# Review: Eheim Classic 2213 canister filter.



## epicfish (Sep 11, 2006)

*Product:* Eheim Classic 2213.

*Tank Specifications:* 10 gallon tank, heavily planted, heavy bioload, lots of detritus & debris.

*Initial impressions:* Very sturdily built; metal clips may rust with repeated exposure to water. Intake/outflow on canister is one that I had never encountered before. Green Eheim tubing is horrendous!
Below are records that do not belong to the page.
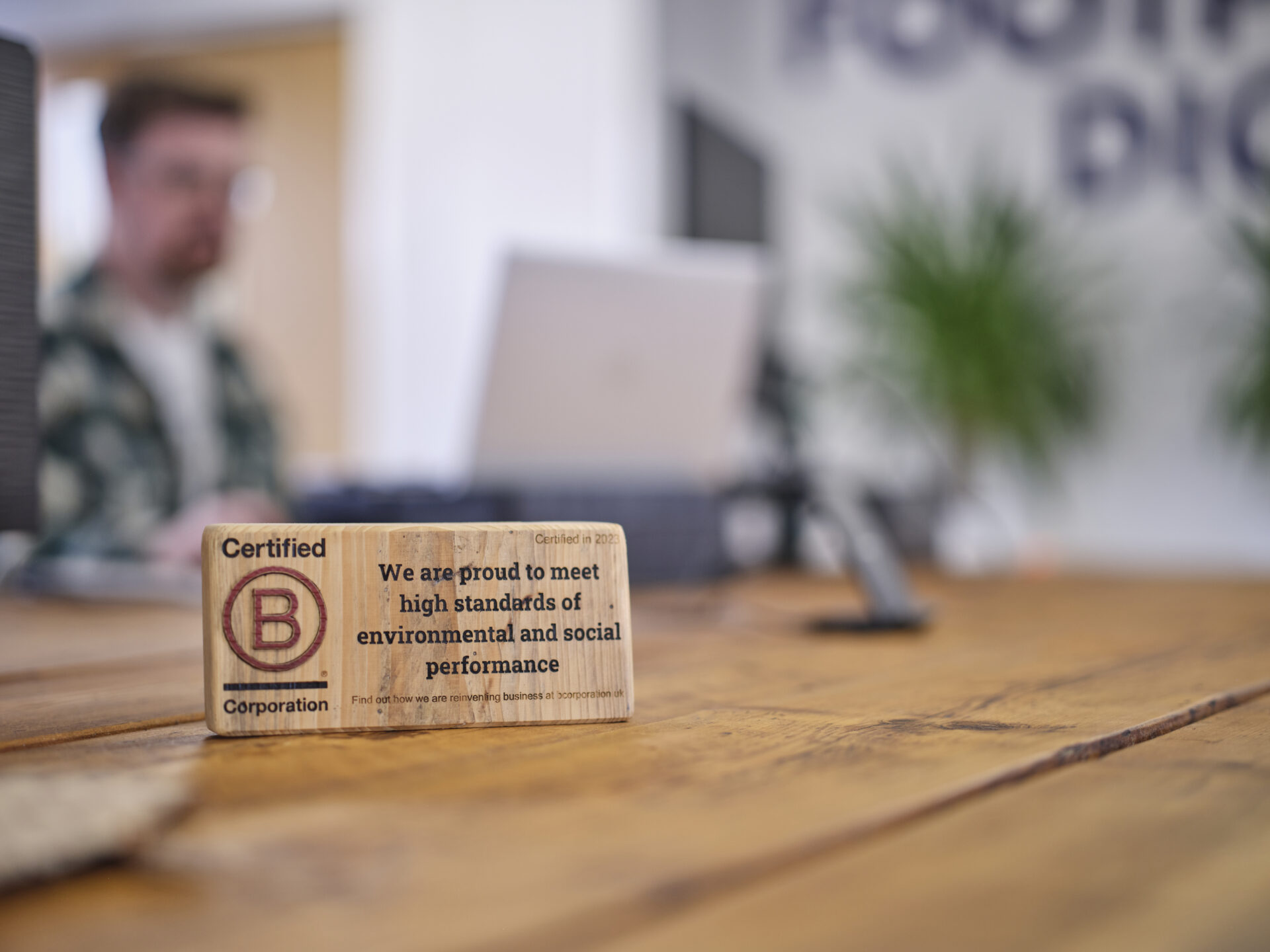 Full colour Certified B Corporation plaque in the office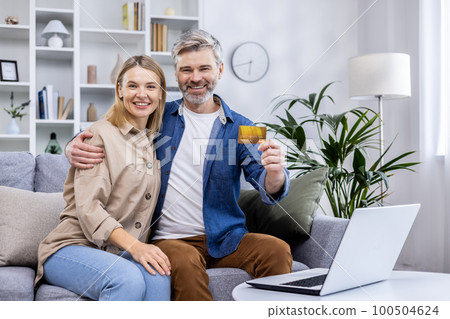 Portrait of happy family at home, adult mature couple man and woman sitting on sofa in living room and looking cheerfully at camera, man holding bank credit card in hands, happy with online shopping. 100504624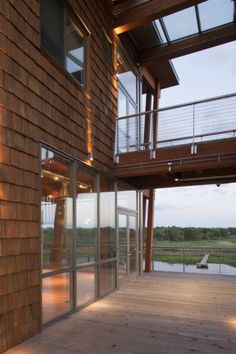 an outside view of a house with wood siding and glass doors that lead to the deck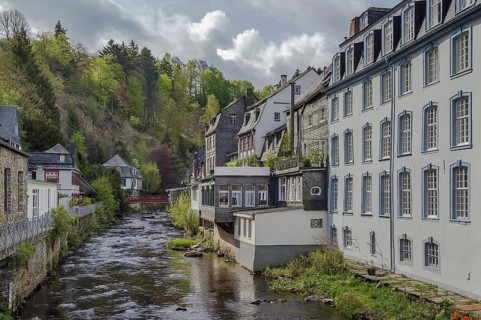 Picturesque houses along the Rur River in the historic center of Monschau, Germany, Europe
*Setup:* The setup was quite easy. The instruction manual didn't help very much and I used my prior knowledge of canister filters to help me set this one up. Tubing was installed without any hitches. I used the Eheim media that was included with the deal. After everything was all said and done and I went to prime the filter, I realized there was no prime function. I had to disconnect one end of the tubing and suck on it to get a siphon going to the filter. Once the filter almost completely filled up with water, I turned it on. Voila! The filter purged most of the extra air in a frenzy of bubbles in my tank, but otherwise, worked well. It took a full four to five days for the filter to completely purge the air since I could hear it "burping" now and then for that period of time. Also, I should have rinsed out the media quickly since it was a bit "dusty" but it cleared up within two hours. After hearing so much about Eheim filters, I felt that this one was a bit underpowered for my _heavily_ planted 10g tank. Using the spraybar at the back of the tank helped to kick up some detritus.

*Pros:* Well-made; flow does not diminish as much as other filters after the accumulation of junk.

*Cons:* No prime function. Barbed connector for the tubing at the bottom of the canister is fragile. I've since learned to disconnect the tubing there before moving the filter around. The first time I cleaned the filter and left the tubing on, it got caught on the stand for a brief moment and the barbed fitting snapped off. However, it was an easy $3 fix. Ugly green tubing.

*Value:* Great value for what you get, my Eheim 2213 + media was $60 after a coupon and a promotional discount. Even at around $80 for the kit, I would've been happy. 

*Long-term follow-up:* After having the 2213 on the 10 gallon for about 2 months, I switched it to a 2215 and was much happier with the flow. The 2213 was moved to a 7 gallon tank where it's been chugging along for the past year or so until about a month ago when I took the tank down. I cleaned the filter once every month and a half to two months when I noticed the flow slowing a bit. The green tubing was replaced with thick-walled vinyl tubing which makes it look a whole lot better. In the entire time I've used it, there have been no leaks and the filter has run quietly. The motor runs warm, but that's to be expected.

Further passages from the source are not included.